WHAT TO WORK ON »
Look below for lines that hold the string "Green" and copy each one.

[Short web captions]
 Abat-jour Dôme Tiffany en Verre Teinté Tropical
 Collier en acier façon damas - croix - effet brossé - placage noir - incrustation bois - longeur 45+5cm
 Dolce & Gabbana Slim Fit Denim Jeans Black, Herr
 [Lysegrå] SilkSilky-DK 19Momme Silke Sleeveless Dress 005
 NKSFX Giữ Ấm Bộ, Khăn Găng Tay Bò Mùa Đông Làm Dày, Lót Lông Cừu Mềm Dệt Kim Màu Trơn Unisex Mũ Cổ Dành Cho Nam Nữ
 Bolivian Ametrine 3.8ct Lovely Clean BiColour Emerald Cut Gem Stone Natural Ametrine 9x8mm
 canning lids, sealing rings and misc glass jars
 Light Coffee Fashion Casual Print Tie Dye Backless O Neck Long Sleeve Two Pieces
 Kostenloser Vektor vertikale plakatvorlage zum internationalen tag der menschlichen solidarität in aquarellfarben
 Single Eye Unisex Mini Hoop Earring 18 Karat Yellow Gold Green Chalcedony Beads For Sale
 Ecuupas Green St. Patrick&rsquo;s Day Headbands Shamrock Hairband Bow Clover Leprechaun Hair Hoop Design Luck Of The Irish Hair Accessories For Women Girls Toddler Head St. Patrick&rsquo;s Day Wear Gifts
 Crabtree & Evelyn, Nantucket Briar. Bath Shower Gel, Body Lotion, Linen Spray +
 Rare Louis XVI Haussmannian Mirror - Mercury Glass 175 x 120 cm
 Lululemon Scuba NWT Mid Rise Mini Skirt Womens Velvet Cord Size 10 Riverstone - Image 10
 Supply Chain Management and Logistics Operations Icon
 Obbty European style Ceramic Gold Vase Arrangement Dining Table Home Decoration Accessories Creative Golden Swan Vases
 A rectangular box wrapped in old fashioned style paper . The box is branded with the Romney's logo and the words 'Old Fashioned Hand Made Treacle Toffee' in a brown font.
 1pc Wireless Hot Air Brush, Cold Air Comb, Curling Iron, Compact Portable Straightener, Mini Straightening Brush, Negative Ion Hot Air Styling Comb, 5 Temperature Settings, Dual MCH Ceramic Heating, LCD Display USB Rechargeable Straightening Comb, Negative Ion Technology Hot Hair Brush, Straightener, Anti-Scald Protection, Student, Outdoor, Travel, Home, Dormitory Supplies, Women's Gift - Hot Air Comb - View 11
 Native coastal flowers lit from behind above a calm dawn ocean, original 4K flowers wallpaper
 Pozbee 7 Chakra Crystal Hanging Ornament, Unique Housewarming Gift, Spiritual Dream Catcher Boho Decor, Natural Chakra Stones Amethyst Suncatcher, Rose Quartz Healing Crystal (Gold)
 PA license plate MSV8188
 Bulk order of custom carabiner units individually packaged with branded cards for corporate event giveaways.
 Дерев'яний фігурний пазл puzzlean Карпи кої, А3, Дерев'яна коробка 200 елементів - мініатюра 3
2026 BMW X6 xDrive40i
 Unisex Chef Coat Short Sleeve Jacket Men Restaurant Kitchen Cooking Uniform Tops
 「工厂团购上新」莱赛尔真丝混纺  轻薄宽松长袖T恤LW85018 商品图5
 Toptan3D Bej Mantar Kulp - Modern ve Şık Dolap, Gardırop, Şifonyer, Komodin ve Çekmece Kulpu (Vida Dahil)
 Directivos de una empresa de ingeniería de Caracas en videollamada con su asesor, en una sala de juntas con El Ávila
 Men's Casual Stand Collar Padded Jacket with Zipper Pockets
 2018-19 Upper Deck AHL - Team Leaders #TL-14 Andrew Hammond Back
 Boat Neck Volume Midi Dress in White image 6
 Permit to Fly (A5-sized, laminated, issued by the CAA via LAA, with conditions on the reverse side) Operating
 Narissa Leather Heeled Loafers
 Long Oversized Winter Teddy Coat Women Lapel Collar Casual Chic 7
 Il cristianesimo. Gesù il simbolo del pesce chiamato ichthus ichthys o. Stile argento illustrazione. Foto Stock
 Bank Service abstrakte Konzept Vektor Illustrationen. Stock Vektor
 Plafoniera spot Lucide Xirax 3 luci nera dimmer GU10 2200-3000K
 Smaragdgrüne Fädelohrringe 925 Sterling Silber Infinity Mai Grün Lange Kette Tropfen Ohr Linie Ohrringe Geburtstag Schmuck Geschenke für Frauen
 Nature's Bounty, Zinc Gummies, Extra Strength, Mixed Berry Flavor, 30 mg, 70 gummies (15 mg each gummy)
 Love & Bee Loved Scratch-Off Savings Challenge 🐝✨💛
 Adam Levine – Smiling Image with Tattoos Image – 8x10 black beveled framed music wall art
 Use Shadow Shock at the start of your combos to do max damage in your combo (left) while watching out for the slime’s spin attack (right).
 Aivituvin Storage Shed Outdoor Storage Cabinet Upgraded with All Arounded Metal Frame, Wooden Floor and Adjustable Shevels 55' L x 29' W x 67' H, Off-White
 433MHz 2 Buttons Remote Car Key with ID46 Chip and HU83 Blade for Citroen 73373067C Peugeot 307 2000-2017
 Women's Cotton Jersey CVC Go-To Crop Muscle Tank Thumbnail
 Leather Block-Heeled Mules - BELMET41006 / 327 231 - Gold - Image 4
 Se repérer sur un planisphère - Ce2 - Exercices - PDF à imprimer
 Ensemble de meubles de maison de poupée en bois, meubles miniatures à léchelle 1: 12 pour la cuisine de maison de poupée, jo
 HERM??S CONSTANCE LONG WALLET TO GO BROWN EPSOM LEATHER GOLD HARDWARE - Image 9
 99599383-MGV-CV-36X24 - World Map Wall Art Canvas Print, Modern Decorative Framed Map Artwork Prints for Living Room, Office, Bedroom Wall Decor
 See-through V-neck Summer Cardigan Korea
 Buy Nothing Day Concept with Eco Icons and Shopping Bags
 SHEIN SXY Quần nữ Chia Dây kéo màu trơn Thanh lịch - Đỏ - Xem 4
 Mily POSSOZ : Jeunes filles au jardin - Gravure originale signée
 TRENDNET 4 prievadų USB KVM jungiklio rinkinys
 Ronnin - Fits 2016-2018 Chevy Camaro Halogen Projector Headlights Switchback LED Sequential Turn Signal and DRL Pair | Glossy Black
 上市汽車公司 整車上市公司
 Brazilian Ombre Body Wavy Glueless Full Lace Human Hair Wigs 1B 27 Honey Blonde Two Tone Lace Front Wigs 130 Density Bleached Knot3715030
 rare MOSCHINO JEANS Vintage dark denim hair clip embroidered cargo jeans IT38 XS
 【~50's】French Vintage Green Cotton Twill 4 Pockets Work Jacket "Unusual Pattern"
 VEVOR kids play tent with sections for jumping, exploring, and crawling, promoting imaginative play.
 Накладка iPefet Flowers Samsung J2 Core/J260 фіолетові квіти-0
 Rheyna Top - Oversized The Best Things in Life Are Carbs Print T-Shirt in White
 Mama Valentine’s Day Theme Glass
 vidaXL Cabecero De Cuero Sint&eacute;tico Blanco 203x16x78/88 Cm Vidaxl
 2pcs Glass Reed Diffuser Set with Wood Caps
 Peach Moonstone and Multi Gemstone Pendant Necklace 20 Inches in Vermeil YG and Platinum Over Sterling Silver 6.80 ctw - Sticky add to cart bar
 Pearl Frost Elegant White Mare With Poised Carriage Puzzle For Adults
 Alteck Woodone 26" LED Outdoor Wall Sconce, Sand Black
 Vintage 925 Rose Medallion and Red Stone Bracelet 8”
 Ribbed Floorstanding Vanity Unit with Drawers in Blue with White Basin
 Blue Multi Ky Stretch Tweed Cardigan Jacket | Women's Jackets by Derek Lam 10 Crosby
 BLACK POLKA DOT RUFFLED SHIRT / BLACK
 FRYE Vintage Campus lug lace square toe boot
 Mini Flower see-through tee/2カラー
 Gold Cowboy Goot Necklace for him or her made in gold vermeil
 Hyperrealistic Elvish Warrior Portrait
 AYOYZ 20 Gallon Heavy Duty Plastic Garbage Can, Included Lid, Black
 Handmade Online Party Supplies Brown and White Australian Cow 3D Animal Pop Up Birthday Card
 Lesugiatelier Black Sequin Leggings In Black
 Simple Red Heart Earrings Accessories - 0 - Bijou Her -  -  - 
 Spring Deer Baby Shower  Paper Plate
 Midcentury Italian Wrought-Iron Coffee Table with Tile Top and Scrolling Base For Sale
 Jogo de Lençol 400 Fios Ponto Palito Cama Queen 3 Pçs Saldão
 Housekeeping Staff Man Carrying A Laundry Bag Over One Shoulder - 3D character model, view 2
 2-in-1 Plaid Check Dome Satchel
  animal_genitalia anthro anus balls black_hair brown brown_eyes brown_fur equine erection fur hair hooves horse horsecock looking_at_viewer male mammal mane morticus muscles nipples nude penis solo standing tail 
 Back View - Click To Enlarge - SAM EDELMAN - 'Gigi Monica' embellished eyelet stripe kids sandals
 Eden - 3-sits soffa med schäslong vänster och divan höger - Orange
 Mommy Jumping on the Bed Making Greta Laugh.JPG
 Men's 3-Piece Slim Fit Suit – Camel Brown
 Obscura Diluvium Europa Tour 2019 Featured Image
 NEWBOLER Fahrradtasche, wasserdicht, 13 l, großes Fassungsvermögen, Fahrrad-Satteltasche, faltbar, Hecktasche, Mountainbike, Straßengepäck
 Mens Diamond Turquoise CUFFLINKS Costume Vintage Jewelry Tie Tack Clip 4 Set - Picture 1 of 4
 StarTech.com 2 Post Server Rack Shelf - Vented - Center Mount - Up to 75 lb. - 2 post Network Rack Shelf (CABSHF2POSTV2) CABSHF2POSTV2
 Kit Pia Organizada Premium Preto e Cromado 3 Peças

ANSWER TO THIS PROBLEM »
 Single Eye Unisex Mini Hoop Earring 18 Karat Yellow Gold Green Chalcedony Beads For Sale
 Ecuupas Green St. Patrick&rsquo;s Day Headbands Shamrock Hairband Bow Clover Leprechaun Hair Hoop Design Luck Of The Irish Hair Accessories For Women Girls Toddler Head St. Patrick&rsquo;s Day Wear Gifts
 【~50's】French Vintage Green Cotton Twill 4 Pockets Work Jacket "Unusual Pattern"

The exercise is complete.